* WHAT THE EXERCISE ASKS
Without copying any picture, transcribe exactly the lines of the data below from the one containing "Happy fathers day." through the one containing "2 Dvd 3D e BluRay O HOBBIT - Foto 3".

* EXCERPTED RECORDS
┄┄┄┄┄┄
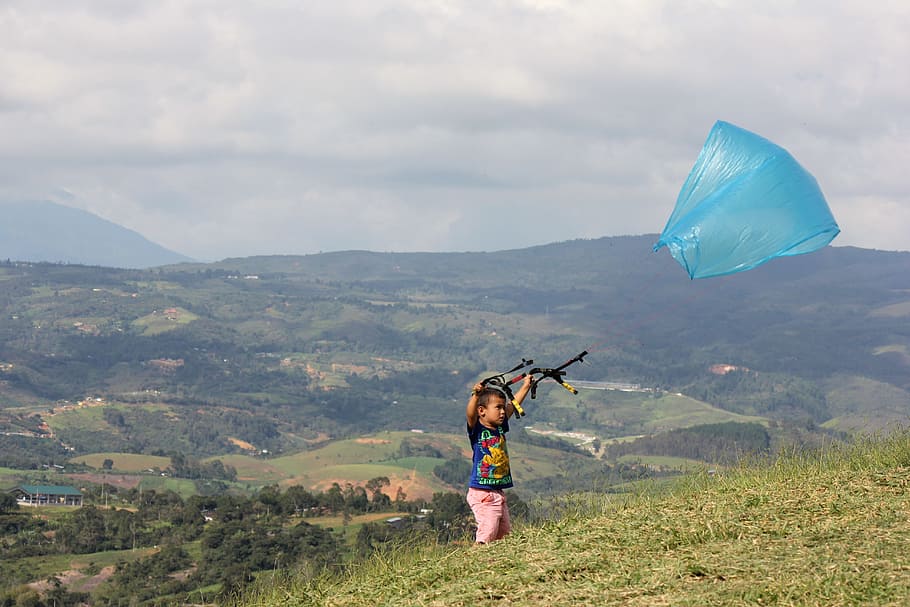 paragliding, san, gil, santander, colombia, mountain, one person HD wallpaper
┄┄┄┄┄┄
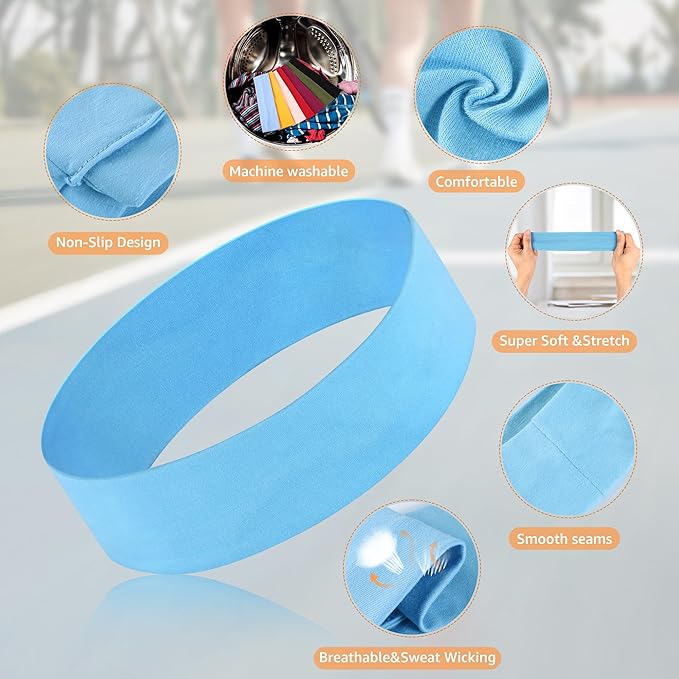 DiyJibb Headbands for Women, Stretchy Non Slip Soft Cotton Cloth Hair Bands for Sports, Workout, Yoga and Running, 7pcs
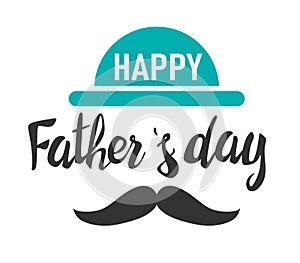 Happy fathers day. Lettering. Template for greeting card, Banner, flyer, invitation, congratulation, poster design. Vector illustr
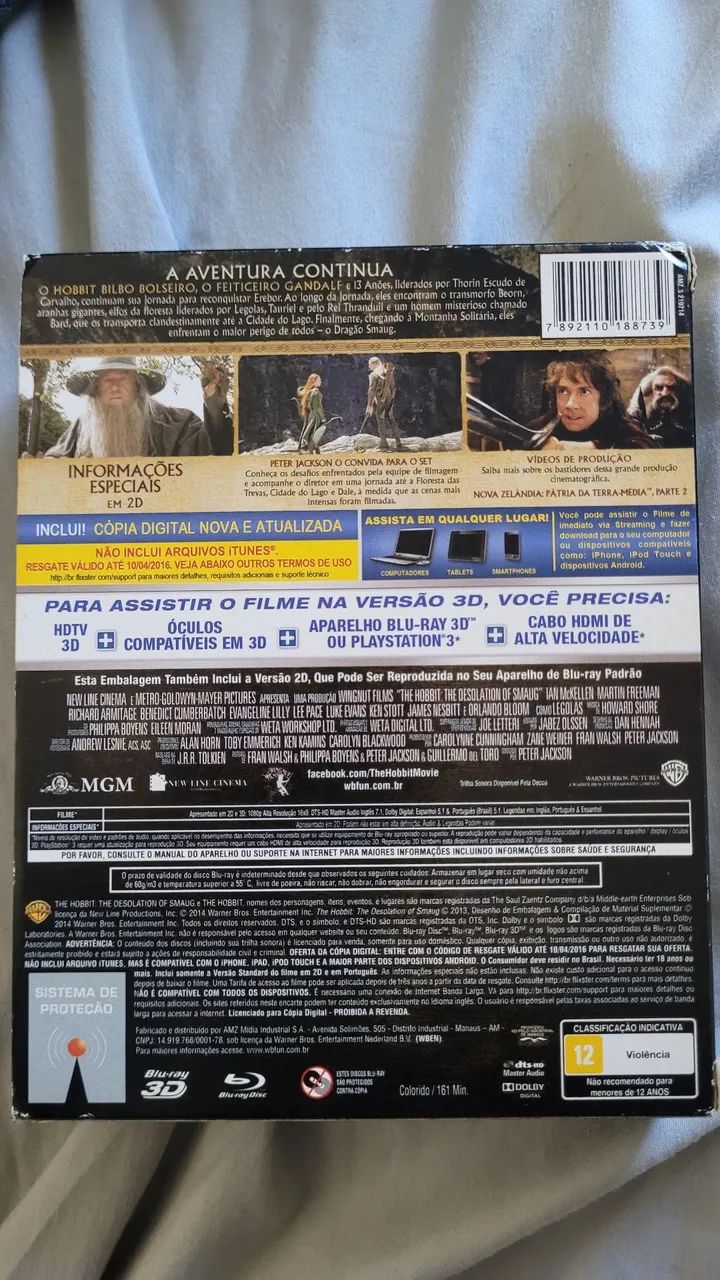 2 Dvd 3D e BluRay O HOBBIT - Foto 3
┄┄┄┄┄┄
* SOLUTION
 Happy fathers day. Lettering. Template for greeting card, Banner, flyer, invitation, congratulation, poster design. Vector illustr
 2 Dvd 3D e BluRay O HOBBIT - Foto 3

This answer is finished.